Dataset excerpt
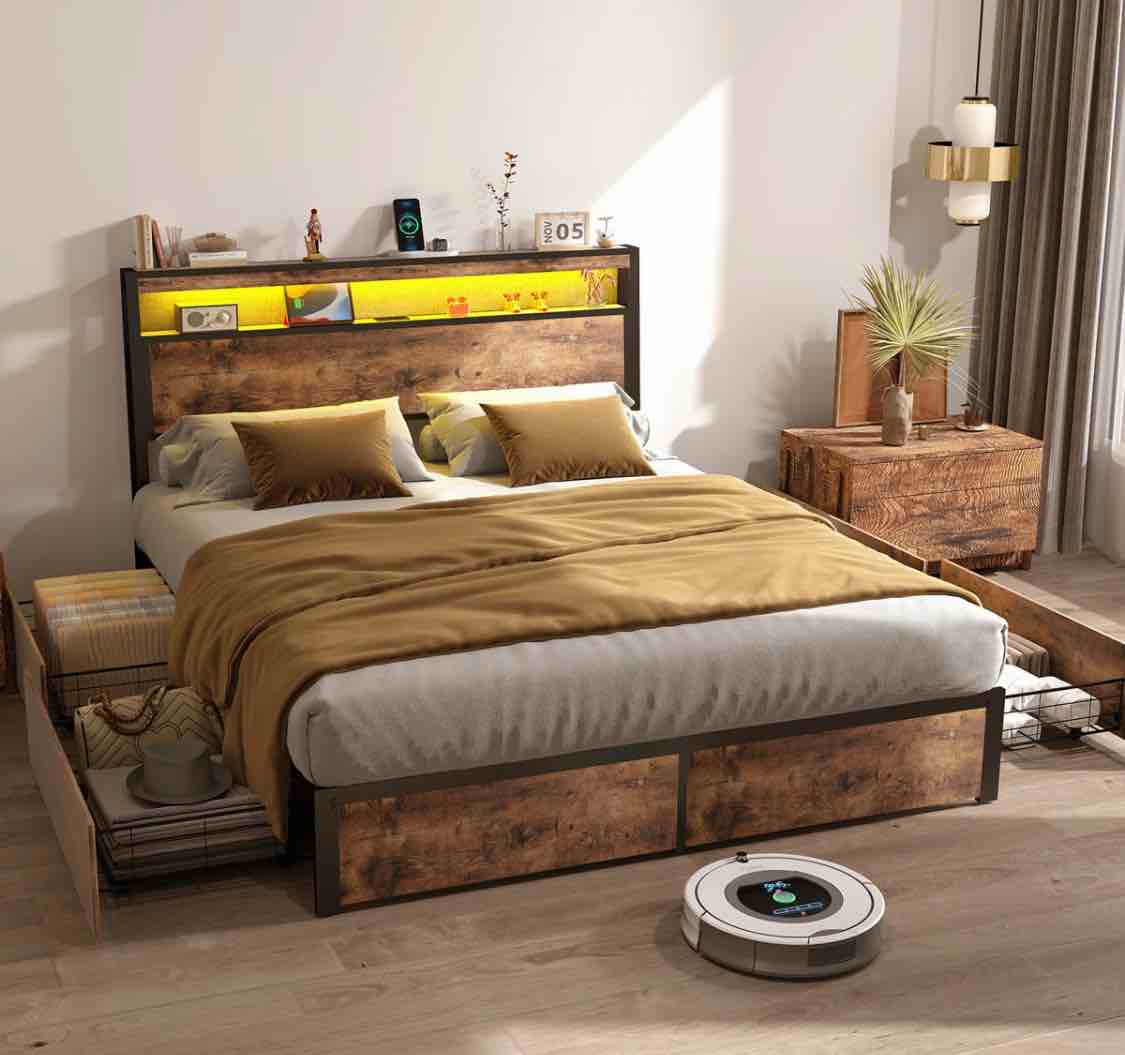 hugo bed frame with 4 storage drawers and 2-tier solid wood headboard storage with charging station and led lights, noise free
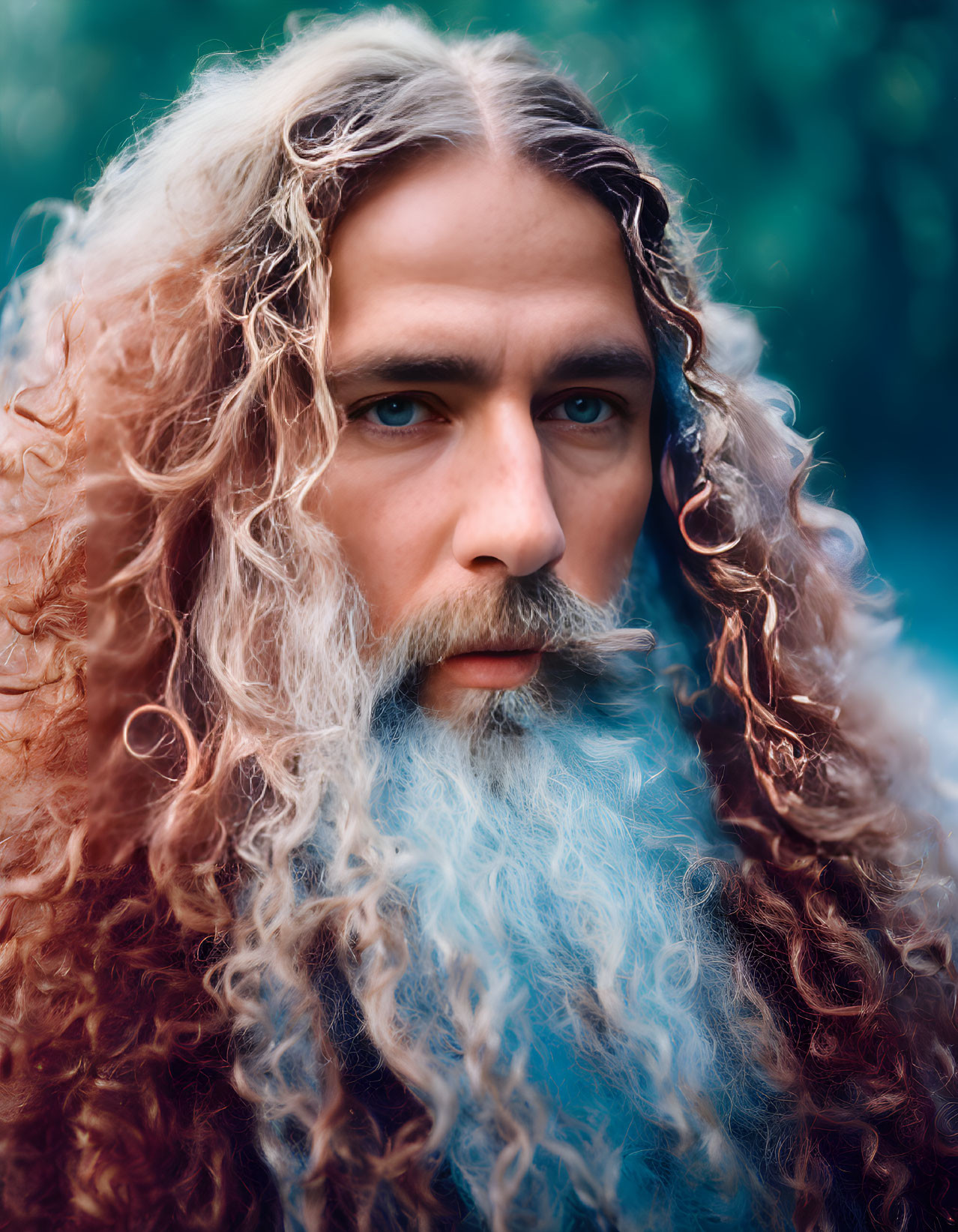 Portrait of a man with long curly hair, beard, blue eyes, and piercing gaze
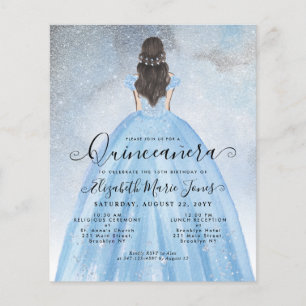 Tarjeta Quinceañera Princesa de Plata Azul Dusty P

What is needed
Produce an exact copy of each line of data, skipping embedded images.

Output for this exercise
 hugo bed frame with 4 storage drawers and 2-tier solid wood headboard storage with charging station and led lights, noise free
 Portrait of a man with long curly hair, beard, blue eyes, and piercing gaze
 Tarjeta Quinceañera Princesa de Plata Azul Dusty P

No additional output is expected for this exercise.